Collection entries:
::::::

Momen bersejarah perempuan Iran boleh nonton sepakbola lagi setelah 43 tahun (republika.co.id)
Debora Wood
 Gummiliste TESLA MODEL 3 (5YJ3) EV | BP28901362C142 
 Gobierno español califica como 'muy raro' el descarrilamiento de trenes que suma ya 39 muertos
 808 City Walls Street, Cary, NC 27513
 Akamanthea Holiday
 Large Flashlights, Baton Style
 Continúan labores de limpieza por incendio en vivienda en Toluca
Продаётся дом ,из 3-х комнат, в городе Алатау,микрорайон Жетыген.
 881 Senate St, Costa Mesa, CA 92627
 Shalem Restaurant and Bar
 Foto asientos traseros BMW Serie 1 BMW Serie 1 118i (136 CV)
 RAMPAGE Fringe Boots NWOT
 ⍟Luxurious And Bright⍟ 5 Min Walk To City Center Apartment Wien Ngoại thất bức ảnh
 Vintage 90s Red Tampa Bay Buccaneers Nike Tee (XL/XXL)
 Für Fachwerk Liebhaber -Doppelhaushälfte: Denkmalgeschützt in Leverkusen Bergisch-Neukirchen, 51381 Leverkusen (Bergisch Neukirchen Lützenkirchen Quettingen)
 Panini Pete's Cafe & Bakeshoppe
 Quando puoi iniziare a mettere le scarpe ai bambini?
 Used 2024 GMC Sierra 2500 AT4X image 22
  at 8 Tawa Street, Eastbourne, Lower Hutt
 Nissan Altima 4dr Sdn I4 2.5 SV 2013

::::::

Your instructions: Lines from the first one above through the line containing "Shalem Restaurant and Bar" are to be retyped exactly, both included, and nothing more.

Response area:
Momen bersejarah perempuan Iran boleh nonton sepakbola lagi setelah 43 tahun (republika.co.id)
Debora Wood
 Gummiliste TESLA MODEL 3 (5YJ3) EV | BP28901362C142 
 Gobierno español califica como 'muy raro' el descarrilamiento de trenes que suma ya 39 muertos
 808 City Walls Street, Cary, NC 27513
 Akamanthea Holiday
 Large Flashlights, Baton Style
 Continúan labores de limpieza por incendio en vivienda en Toluca
Продаётся дом ,из 3-х комнат, в городе Алатау,микрорайон Жетыген.
 881 Senate St, Costa Mesa, CA 92627
 Shalem Restaurant and Bar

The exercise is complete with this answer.